We know to brush and floss our teeth daily, and while most of us have stuck to this, others have questioned why it is necessary in the first place. When we were young, it was easy to get into routines that our parents taught us without disputing them, but as we grow, we question why we do some activities, and in this case, our dental health. If you ask questions like “Is brushing daily important?” or “Why should I cut down on fast foods?” then read on to find out why it’s important and why there is a right way and a wrong way.
1. Plaque Buildup and Cavities
Plaque is sticky bacteria that forms on your teeth, feeding on leftover food particles on your teeth. If you don’t brush regularly, this plaque becomes more pronounced, becoming a visible hard-to-remove stain called tartar.
Tartar makes your teeth less appealing, rubbing your teeth of their white glow but also causes something worse called cavities. Cavities happen when the hardened bacteria wear down the enamel (hard outer layer of the teeth), reaching the nerves and damaging them.
These cavities can cause a host of problems for you, including:
- Bad breath
- Loose and falling tooth
- Bleeding gums
- Difficulty in eating
To prevent plaque, brush your teeth twice a day; ideally, make it the last thing you do before going to bed and the first thing you do when you wake up. Floss or use mouthwash daily as this gets to areas the brush cannot reach and finally, make sure you change your toothbrush regularly. Once every three or four months will do.
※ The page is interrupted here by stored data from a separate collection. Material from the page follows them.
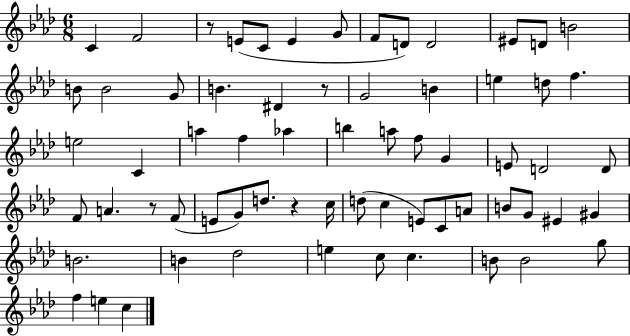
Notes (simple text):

C4/q F4/h R/e E4/e C4/e E4/q G4/e F4/e D4/e D4/h EIS4/e D4/e B4/h B4/e B4/h G4/e B4/q. D#4/q R/e G4/h B4/q E5/q D5/e F5/q. E5/h C4/q A5/q F5/q Ab5/q B5/q A5/e F5/e G4/q E4/e D4/h D4/e F4/e A4/q. R/e F4/e E4/e G4/e D5/e. R/q C5/s D5/e C5/q E4/e C4/e A4/e B4/e G4/e EIS4/q G#4/q B4/h. B4/q Db5/h E5/q C5/e C5/q. B4/e B4/h G5/e F5/q E5/q C5/q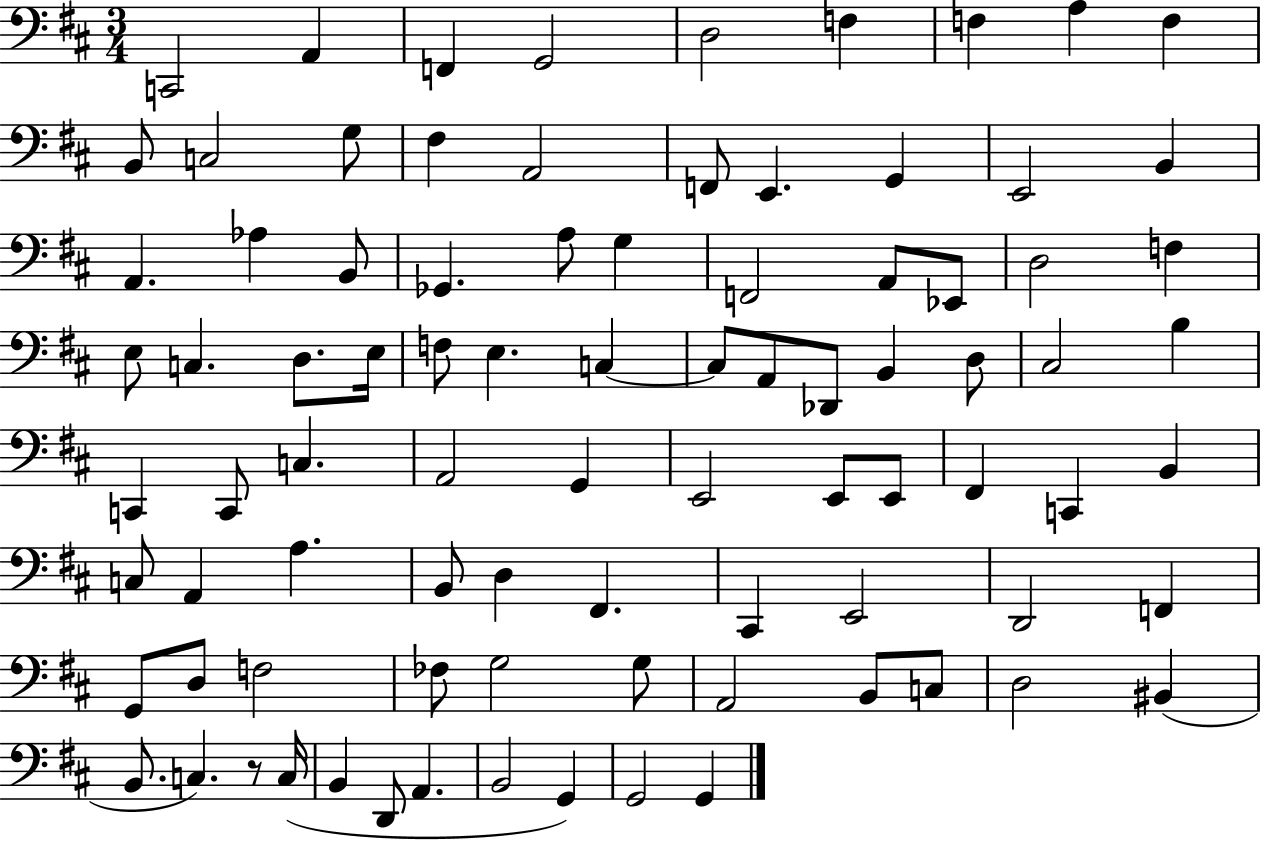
X:1
T:Untitled
M:3/4
L:1/4
K:D
C,,2 A,, F,, G,,2 D,2 F, F, A, F, B,,/2 C,2 G,/2 ^F, A,,2 F,,/2 E,, G,, E,,2 B,, A,, _A, B,,/2 _G,, A,/2 G, F,,2 A,,/2 _E,,/2 D,2 F, E,/2 C, D,/2 E,/4 F,/2 E, C, C,/2 A,,/2 _D,,/2 B,, D,/2 ^C,2 B, C,, C,,/2 C, A,,2 G,, E,,2 E,,/2 E,,/2 ^F,, C,, B,, C,/2 A,, A, B,,/2 D, ^F,, ^C,, E,,2 D,,2 F,, G,,/2 D,/2 F,2 _F,/2 G,2 G,/2 A,,2 B,,/2 C,/2 D,2 ^B,, B,,/2 C, z/2 C,/4 B,, D,,/2 A,, B,,2 G,, G,,2 G,,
2. Early Detection of Other Ailments
It’s easy to get caught up in life. As an adult, you have responsibilities, bills to pay, appointments to get to, a family to care for, and money to earn. Being busy has also affected how we eat, preferring fast foods or ready-made meals rich in carbs and sugar to fiber-rich foods like fruits and vegetables. All of this is a function of the society we currently live in, but this should not stop us from seeing a dentist.
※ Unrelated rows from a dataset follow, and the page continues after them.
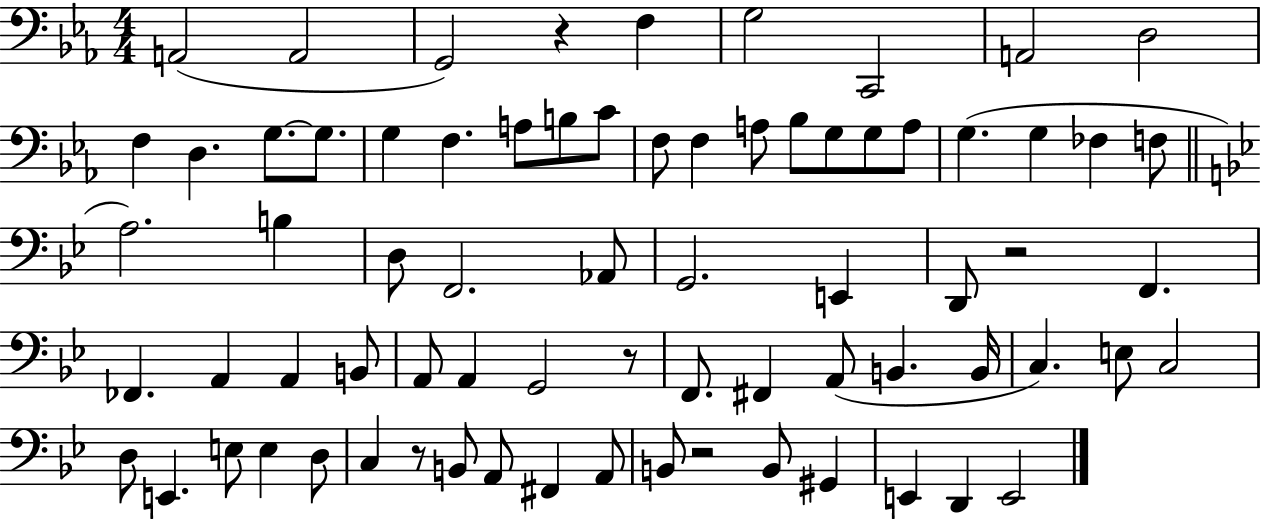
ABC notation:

X:1
T:Untitled
M:4/4
L:1/4
K:Eb
A,,2 A,,2 G,,2 z F, G,2 C,,2 A,,2 D,2 F, D, G,/2 G,/2 G, F, A,/2 B,/2 C/2 F,/2 F, A,/2 _B,/2 G,/2 G,/2 A,/2 G, G, _F, F,/2 A,2 B, D,/2 F,,2 _A,,/2 G,,2 E,, D,,/2 z2 F,, _F,, A,, A,, B,,/2 A,,/2 A,, G,,2 z/2 F,,/2 ^F,, A,,/2 B,, B,,/4 C, E,/2 C,2 D,/2 E,, E,/2 E, D,/2 C, z/2 B,,/2 A,,/2 ^F,, A,,/2 B,,/2 z2 B,,/2 ^G,, E,, D,, E,,2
A visit to your local dentist can save your life, which is why frequent visits are a must. Prevention is better than cure, and as the Riccarton, New Zealand-based dentists at Boutique Dental state, seeing a dentist regularly helps them detect early signs of heart or kidney-related diseases, as these signs can show on your teeth. You may be busy, but that does not mean you should not take care of your body, including your teeth. Make sure you book an appointment with your dentist at least twice a year.
3. The Dangers of Sugar
Fast foods are delicious, and drinking a cold Coke or Pepsi on a hot day can bring a feeling of refreshment that words cannot describe. Sorry to be the party pooper but, both are bad for your teeth. The major problem is sugar, either in its simple sweet form, like with sugar in a bottle of Coke, or its complex starch form like the bun bread used to make a fast food burger.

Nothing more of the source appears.